Monday, September 24, 2007

Letter from Thailand (5)

The first anniversary of the Sept. 19 coup in Thailand passed soberly last week. There were no demonstrations either for or against the junta. Indeed, the nation’s attention was mostly focused on the tragic airline crash in Phuket the day before.

The Bangkok Post seemed to capture the mood: “Any fond memories about the Sept. 19 coup as manifested by the warm welcome and flowers given to the troops by many Bangkokians in the aftermath seems to have evaporated a year after the overthrow of the Thaksin Shinawatra regime.

“The truth is that a year later, there is nothing about the Council of National Security [the junta’s formal name] and the government it installed that is worth remembering with a sense of pride.”

That is a pretty devastating comment and fairly typical of the commentary that has appeared in the English-language press, and presumably in the vernacular press as well, evidenced by snippets of translations I’ve seen.

From my point of view the junta seems to have ruled with a pretty light hand.

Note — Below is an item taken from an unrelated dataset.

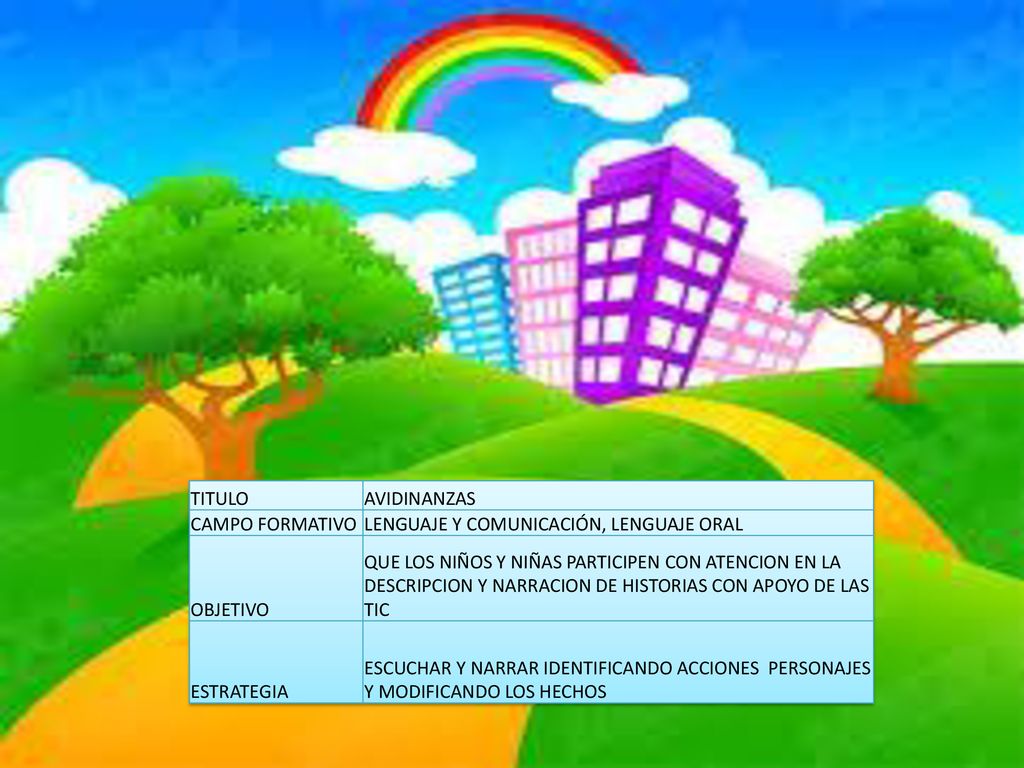 TITULO AVIDINANZAS. CAMPO FORMATIVO. LENGUAJE Y COMUNICACIÓN, LENGUAJE ORAL. OBJETIVO.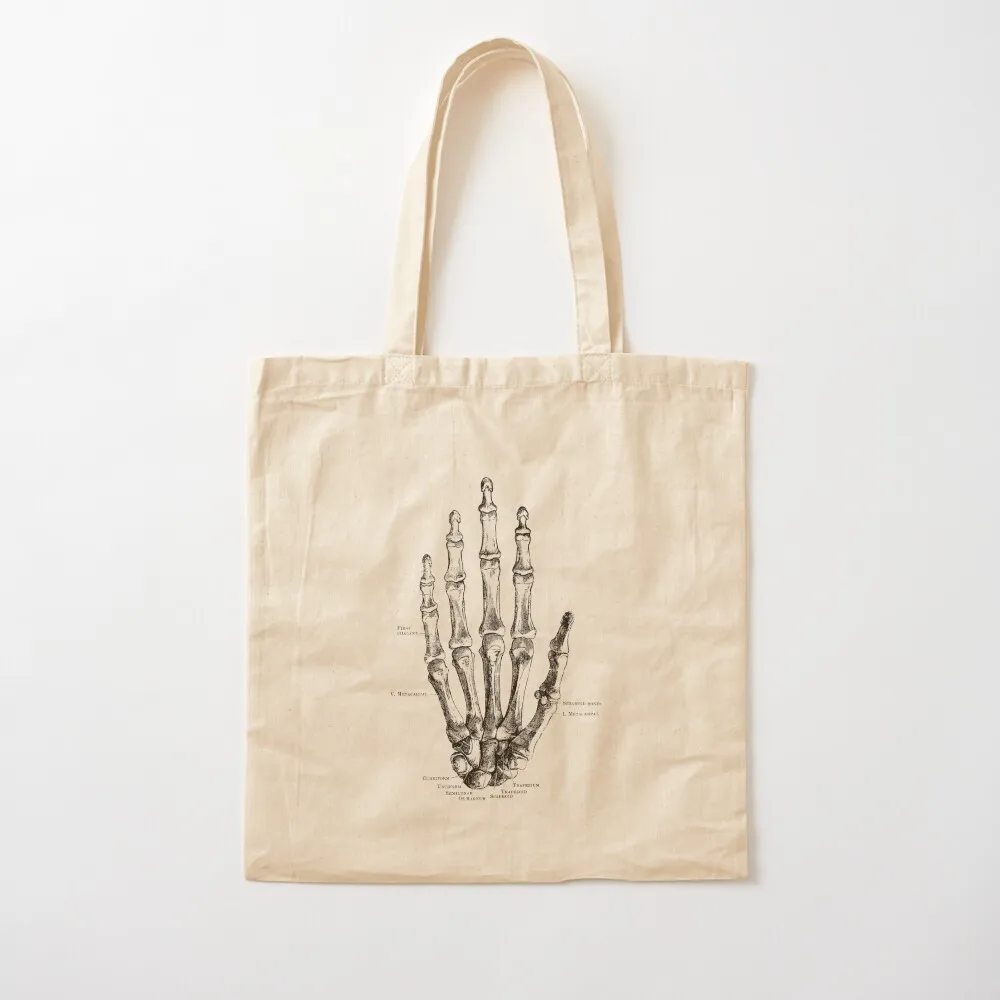 

Hand Skeletal Diagram - Vintage Anatomy Poster 2 Tote Bag women bag bags for women reusable shopping bag Canvas Tote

That the media – the printed media, anyway – can deliver such a harsh verdict is fairly telling. The junta has been stricter with broadcasters, especially foreign interviews with Thaksin.

After assuring itself there would be no-counter coup, the soldiers returned to their barracks and have not really been very visible since then, at least not to me. Of course, Hua Hin, where I live, is something of a backwater, even if the King does live here.

The only violence this past year was the mysterious string of bombings that occurred in Bangkok on New Year’s Eve that have never been satisfactorily explained. Nor have there been any arrests or trials.

Throughout the year the avuncular visage of interim Prime Minister Surayud Chulanot, a retired general, has been the public face of the, while the uniformed officers stayed mostly in the background.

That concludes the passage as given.